:: Data extract ::
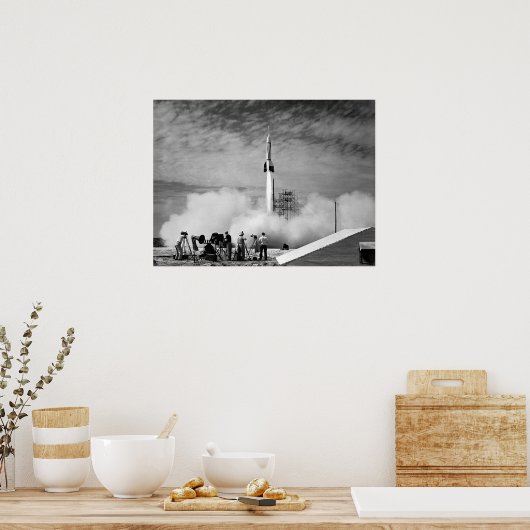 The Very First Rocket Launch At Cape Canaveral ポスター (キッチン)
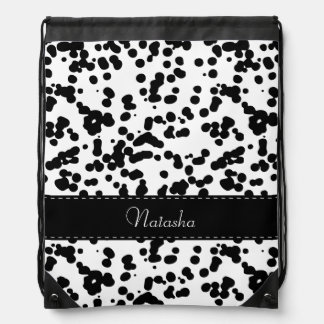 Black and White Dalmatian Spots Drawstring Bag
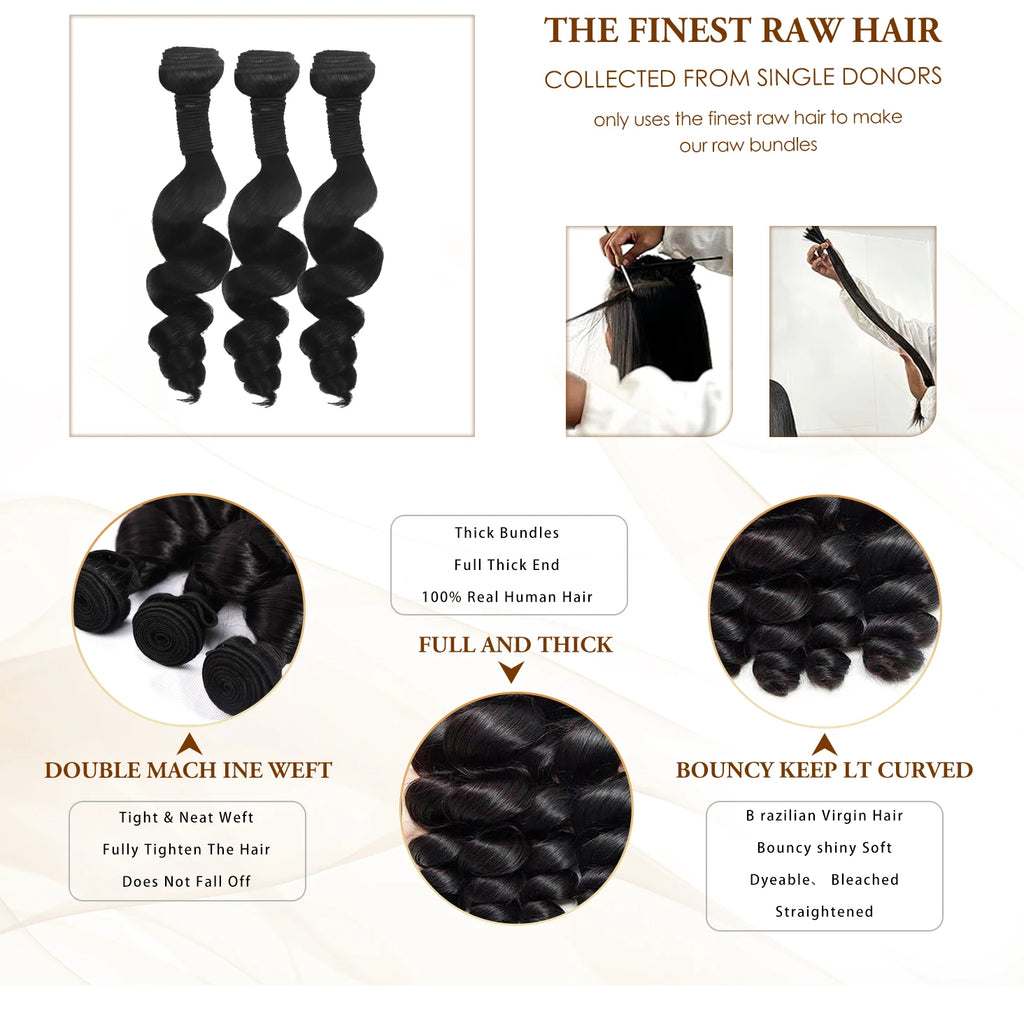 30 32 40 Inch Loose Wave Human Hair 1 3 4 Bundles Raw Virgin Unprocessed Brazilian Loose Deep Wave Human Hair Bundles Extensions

:: Work instructions ::
Send back the data above word for word, with the pictures left out.

:: Answer section ::
 The Very First Rocket Launch At Cape Canaveral ポスター (キッチン)
 Black and White Dalmatian Spots Drawstring Bag
 30 32 40 Inch Loose Wave Human Hair 1 3 4 Bundles Raw Virgin Unprocessed Brazilian Loose Deep Wave Human Hair Bundles Extensions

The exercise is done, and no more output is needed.